Parental adherence to vision screening and to bringing children who fail to full exams is low worldwide1,24,25,60. In many vision screening programs, only 20–50% of the parents adhere the referrals, and the school-based eye care programs rarely referred failed children for long-term follow-up care needs26. A major barrier to seeking vision exams and treatment is the lack of knowledge about the importance of the tests and early treatment1,61. There is also a positive correlation between understanding the importance of vision tests in parents and taking children for treatment62,63,64. A study examining the effect of parents' knowledge on adherence to the instructions of their children's amblyopia treatment found that the main reasons for not adhering to the recommended treatment were lack of knowledge and understanding64. It was previously reported that educating parents, teachers and children regarding refractive errors and the importance of the correction with glasses can potentially increase spectacle wear amongst children64. Also, when parents were given information and an explanation about the importance of amblyopia care, there was an increase in the rate of responsiveness and adherence to treatment guidelines64. Similarly, educating parents during their children’s vision screening on five topics increased adherence to referrals: lazy eye, signs and symptoms of vision problems, refractory defects, difference between vision screening tests and comprehensive vision tests, and the importance of performing vision tests63.

The implementation of this questionnaire may lead to interventions that improve parental adherence to vision screening and exams. The results of this questionnaire can be used to design an educational program that will improve parents’ knowledge and the actual parental behavior.
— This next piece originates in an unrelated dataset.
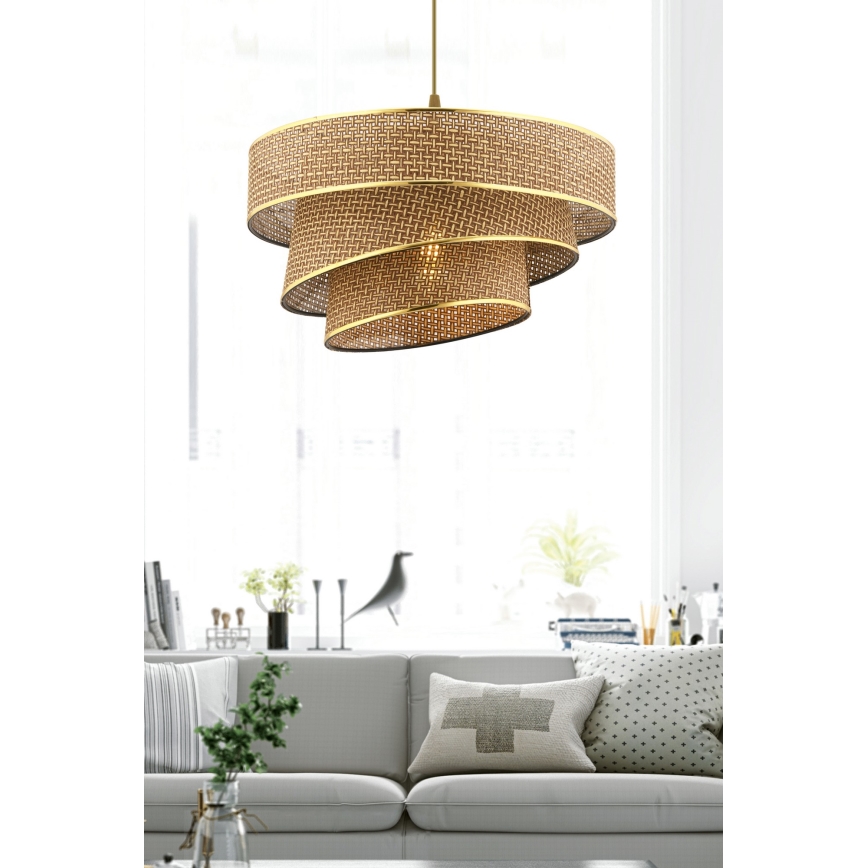 Luster na sajli COUPER 1xE27/60W/230V braon/zlatna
Through the newly developed questionnaire one can measure the "health education" of parents, identify populations with low knowledge and awareness and build a focused educational program to improve knowledge and awareness.

However, the questionnaire might need adaptation for use in other countries for cultural differences and specific healthcare systems. Since most of the experts are Israeli, their opinions might not be in line with opinions of experts from other health care systems. A specific example is the question on the recommended age for vision screening. This is at ages three or six in Israel as suggested by AAPOS21, but many European countries do this at age four65. The conditions targeted in any questionnaire should depend on their prevalence in the country. For example, in Israel there is a high prevalence of high myopia66 making this a target condition.

One of the limitations of this study is the need to narrow down definitions during the Delphi rounds, in a way that has omitted several issues. Thus, the questionnaire does not address the importance and manner of treating strabismus and amblyopia, although studies have shown that in these areas there is a direct and strong correlation between knowledge and awareness of responding to treatment. As a result of this limitation, it is possible that the developed questionnaire will have a reduced sensitivity for the analysis of the knowledge and awareness of parents of children diagnosed with strabismus and amblyopia and may even cause bias in the results of the general population. In addition, the panel of experts, which consisted mostly of Israeli professionals, recommended omitting issues related to the various types of vision exams and parents' sources of knowledge, as they believed that these issues were not relevant to the Israeli health system.

Other limitations involve the methodology used. A 5-point Likert scale was used in round 2, which allowed for neutral position. Finally, the final questionnaire is long and may prove burdensome for some parents. This will be evaluated in future studies.

In conclusion, a questionnaire was developed and validated for the first time in a developed country on parental health literacy, perceptions, awareness and behavior regarding their children's vision tests. This questionnaire can be used as a significant tool to analyze and understand the current status of parents’ awareness and adherence to vision tests and to develop targeted intervention programs.

In a future study the questionnaire will be deployed to parents and validated for statistical factor analysis and internal consistency.